Can I express that the lower bound on a parameter should be greater than zero?

If not, is there a best practice workaround?

There are many models that require parameters greater than zero, this must be a common problem?

Here is an example where I want to do predictive checks for a gamma regression.

parameters {
  real x;
  real<lower=0> shape;
  real<lower=0> scale;
}

model {
  shape ~ normal(10,2.5);
  scale ~ normal(1,1);

  x ~ gamma(shape,scale);

I can only express that shape and scale have a lower bound of 0, but I would like to say

  real<lower>0> scale;

i.e., the bound of shape and scale should not include zero.

Good question. The math is easy. With a lower bound constraint in Stan,

parameters {
  real<lower=0> scale;
}

we take an unconstrained parameter in \mathbb{R} then apply \exp() to it. The result is always in (0, \infty) mathematically (exponentiation of finite value is strictly positive).

The problem is floating point arithmetic. With double precision (64 bits) as Stan uses, the exp(x) operation will underflow to 0 when x is below -500 or so. If you then try to use that scale in something like

y ~ normal(0, scale);

then Stan will report a rejection because the normal requires scale > 0. So you won’t wind up getting sampled values where scale is 0 if that’s what you were worried about.

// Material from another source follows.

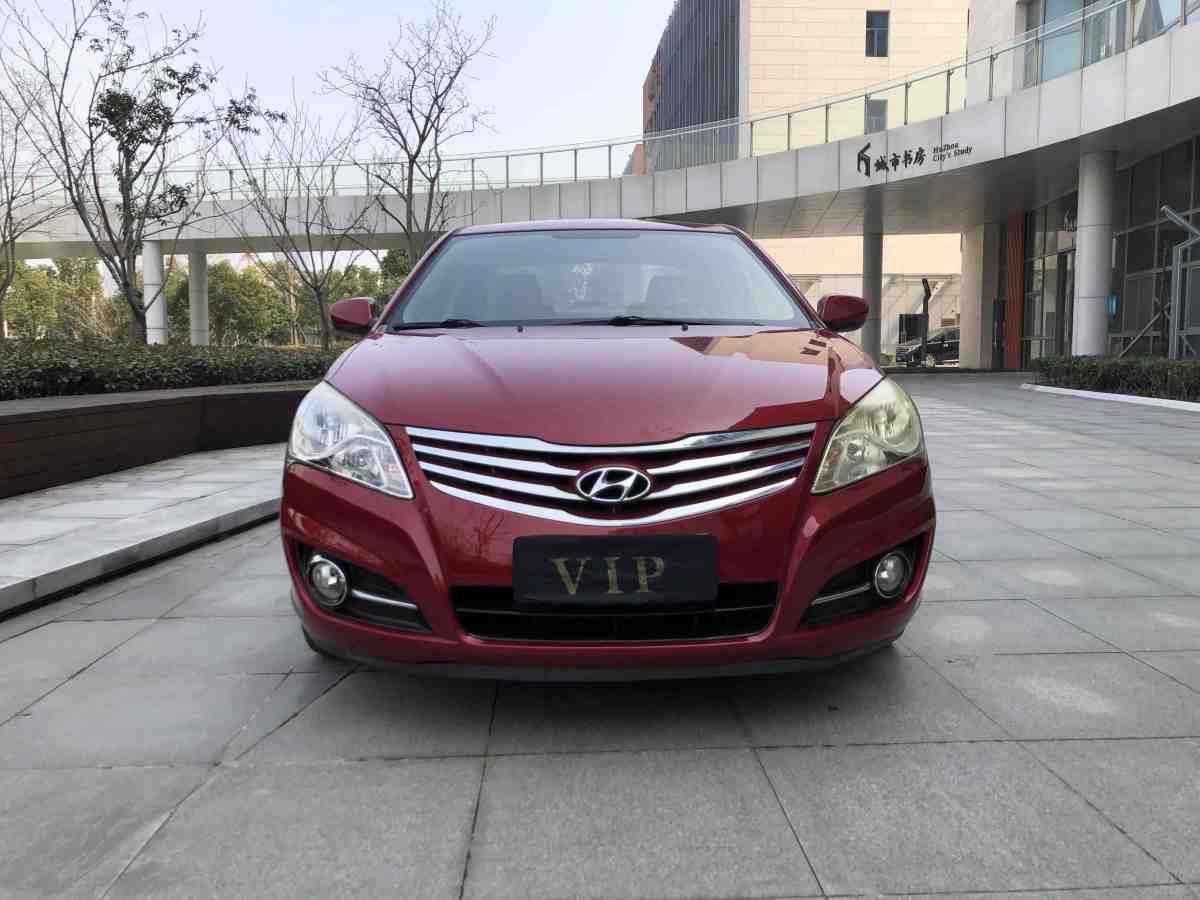 現代 悅動 2011款 1.6l 自動舒適型圖片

You can even be very explicit about it if you want and put this in the model:

if (scale == 0) reject("scale cannot be 0");

If this happens a lot in your fits, then you may want to think about more informative priors.

3 Likes

Many thanks @Bob_Carpenter!

(I just found this answer written but not submitted :( )

So if I understand you correctly, there is no way then to get scale to be strictly positive but if I understand you correctly, it is not a problem in practice because should the sampler (by an unlikely coincidence) draw exactly zero for the scale parameter it will just throw that away with a rejection and continue.

Thanks for the question, @Leif_Jonsson, I was curious as well.

If I may share my understanding of Bob’s reply,

  1. theoretically <lower = 0> gives a strict positive value,
  2. in practice, exp(-500) may underflow to scale 0,
  3. which is fortunately rejected by Stan which requires scale parameter of normal distribution to be positive.

Sorry to be picky, but I thought if lower bound was not for scale parameter (e.g. rare disease prevalence), we won’t have a safety net in 3, ending up with zero value for known-positive.